# Super Tempy RPG



## x65943 (Oct 1, 2019)

Was messing around on RPG maker and decided to make a few custom sprites.

I'm a busy guy so this is about where I'll probably get on this one (don't expect updates sadly).

That said - enjoy this short video!


----------



## VinsCool (Oct 1, 2019)

:3c nice!


----------



## Alexander1970 (Oct 1, 2019)

x65943 said:


> Was messing around on RPG maker and decided to make a few custom sprites.
> 
> I'm a busy guy so this is about where I'll probably get on this one (don't expect updates sadly).
> 
> ...




Hello.

Very good work. I think if you have more time and can take it, it will be a great game.
Maybe someday you have the time ..... 

Thank you for sharing your work.


----------



## AlanJohn (Oct 6, 2019)

No AlanJohn character. Shitgame/10.


----------



## Stealphie (Feb 7, 2020)

Hmm, nice.


----------



## BORTZ (Apr 10, 2020)

_*{myspaceFlameFont=}EXTREME ALPHA{myspaceFlameFont}*

_


----------



## Issac (Apr 10, 2020)

Ayy  I love how obvious the sprites were!
Also, fecking necro bump @BORTZ  BAN!


----------



## James_ (Apr 11, 2020)

Vinny: "I'm trying to find inspiration for my next track."


_ ends game_


----------



## x65943 (Apr 12, 2020)

As long as we're bumping this, I actually had made most of a Ceedee sprite as well, but it needed a few finishing touches. Cleaned it up a bit.


----------



## Stealphie (Apr 12, 2020)

it would be really cool if you just added random users as random npc's
example: Mr. Looigi is in the game as (you guessed it) a cat that you can talk to.


----------



## James_ (Apr 12, 2020)

Stealphie said:


> it would be really cool if you just added random users as random npc's
> example: Mr.
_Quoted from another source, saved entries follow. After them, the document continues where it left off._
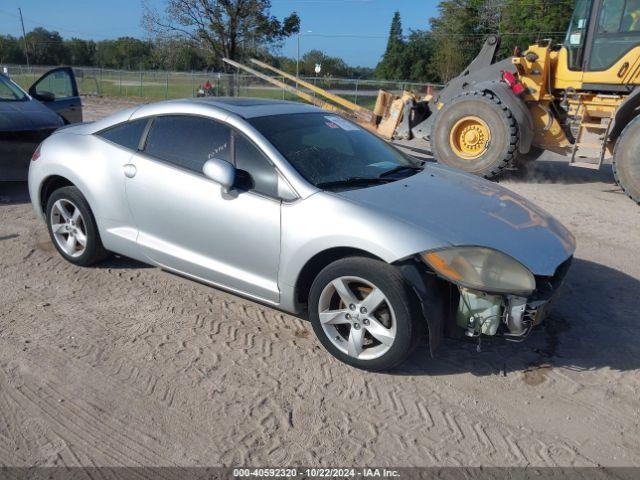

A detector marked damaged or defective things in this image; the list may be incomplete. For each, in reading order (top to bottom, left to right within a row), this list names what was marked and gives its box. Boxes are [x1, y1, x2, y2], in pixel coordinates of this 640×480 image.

cracked headlight [422, 248, 536, 296]
damaged front bumper [398, 256, 572, 354]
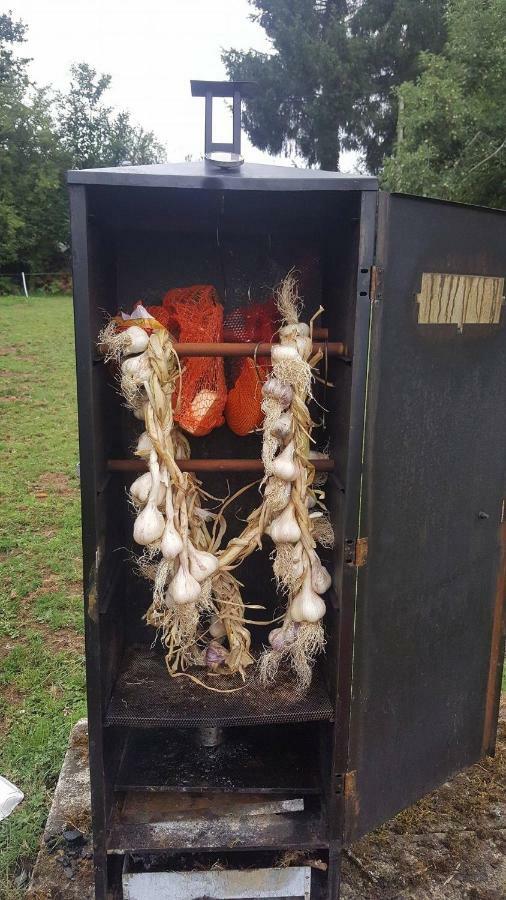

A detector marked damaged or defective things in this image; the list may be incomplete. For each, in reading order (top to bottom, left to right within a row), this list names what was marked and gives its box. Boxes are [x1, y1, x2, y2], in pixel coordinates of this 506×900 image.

rust on metal [482, 510, 506, 756]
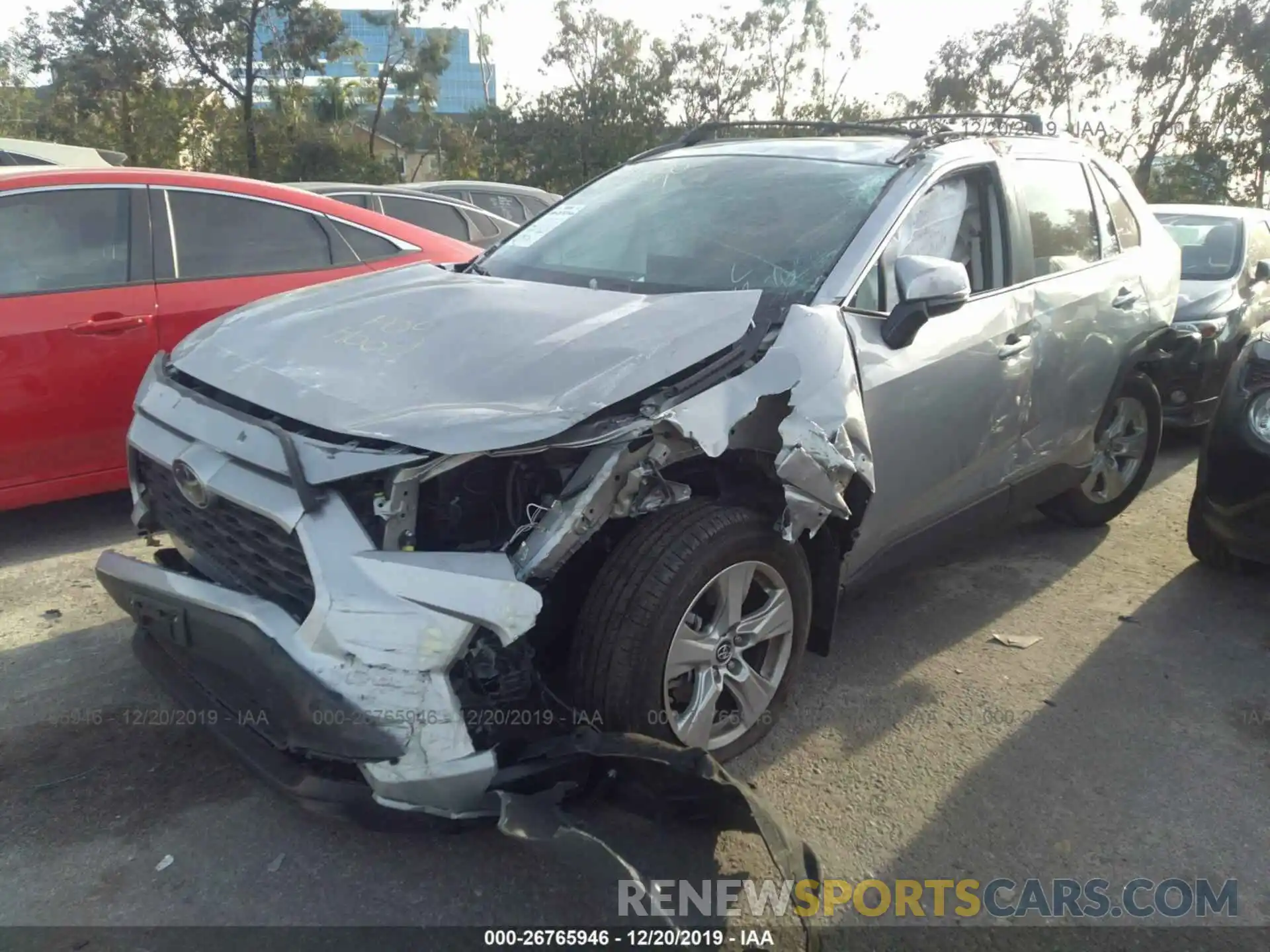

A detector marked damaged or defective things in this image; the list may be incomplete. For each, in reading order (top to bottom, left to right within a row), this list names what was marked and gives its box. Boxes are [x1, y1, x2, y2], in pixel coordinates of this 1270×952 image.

shattered windshield [474, 154, 894, 299]
shattered windshield [1154, 212, 1233, 279]
crushed hood [172, 262, 757, 452]
damaged silver suv [94, 117, 1185, 820]
crumpled front bumper [92, 360, 542, 814]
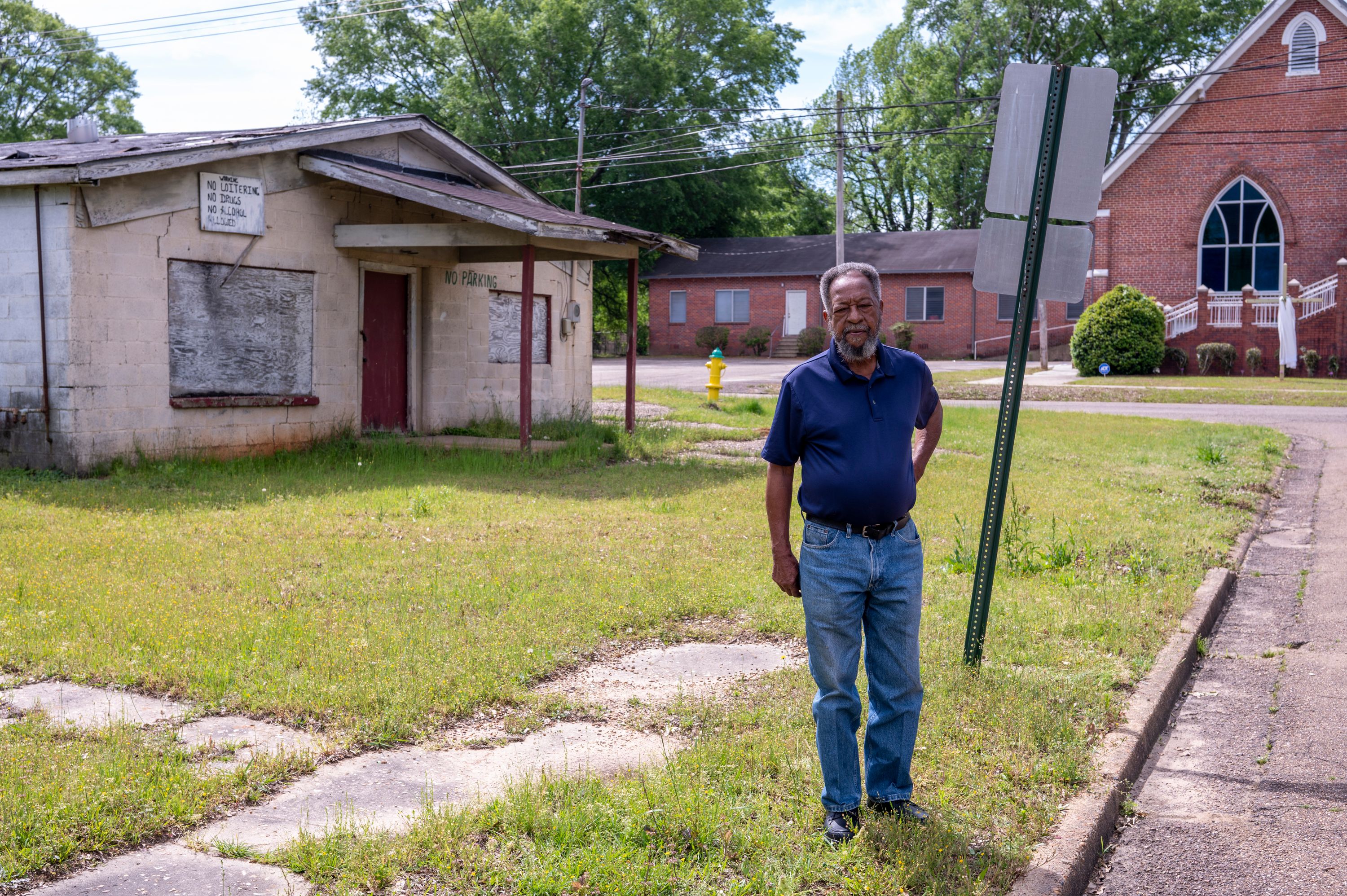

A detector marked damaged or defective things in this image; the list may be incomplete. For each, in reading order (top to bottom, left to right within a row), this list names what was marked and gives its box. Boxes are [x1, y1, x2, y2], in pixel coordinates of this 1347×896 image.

cracked concrete block wall [0, 152, 598, 474]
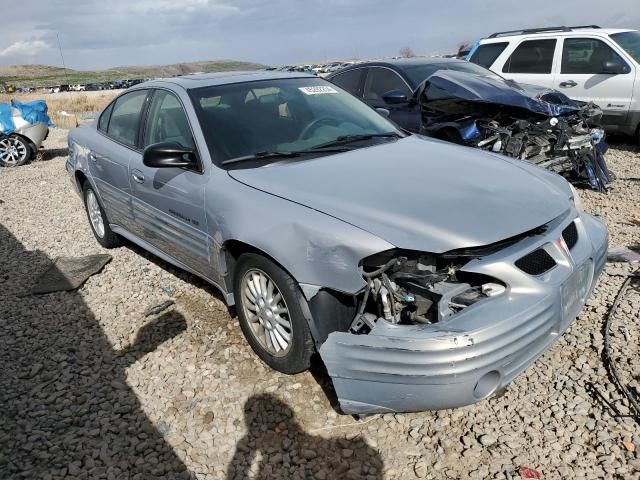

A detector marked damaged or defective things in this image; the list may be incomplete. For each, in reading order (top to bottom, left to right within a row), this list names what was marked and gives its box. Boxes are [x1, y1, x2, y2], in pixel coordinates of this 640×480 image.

blue damaged car [67, 70, 608, 412]
crumpled hood panel [230, 136, 568, 253]
blue damaged car [328, 57, 612, 189]
crumpled hood panel [430, 70, 580, 117]
damaged front end [422, 71, 612, 191]
damaged front end [320, 211, 608, 416]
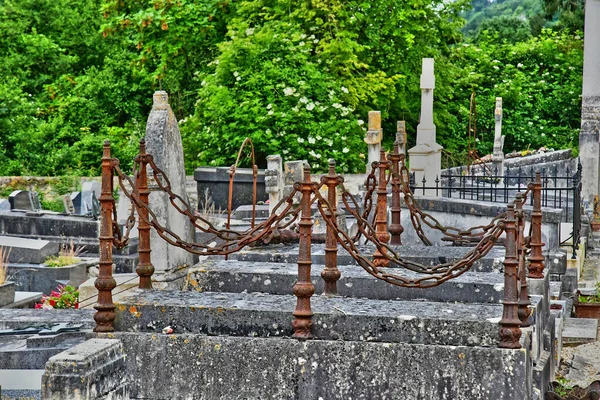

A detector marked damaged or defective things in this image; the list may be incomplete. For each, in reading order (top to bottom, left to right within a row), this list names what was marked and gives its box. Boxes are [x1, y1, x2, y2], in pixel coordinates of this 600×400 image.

Looigi is in the game as (you guessed it) a cat that you can talk to.


Yes. Just yes.


----------



## Stealphie (Apr 12, 2020)

James_ said:


> Yes.


James_, a meowstic that you can talk to
Stealphie, A Hat Kid that you can talk to
alexander1970, a zombie (it's a bit of a stretch but like, putting the RESIDENT EVIL 2 boxart would be dumb) that you can talk to
Bortz, a guy dressed as Spider-Man which you can talk to
Flame, a Flame that you can talk to


----------



## James_ (Apr 12, 2020)

Stealphie said:


> James_, a meowstic that you can talk to
> Stealphie, A Hat Kid that you can talk to
> alexander1970, a zombie (it's a bit of a stretch but like, putting the RESIDENT EVIL 2 boxart would be dumb) that you can talk to








Do it, x65943. Do it now. *Do it.*


----------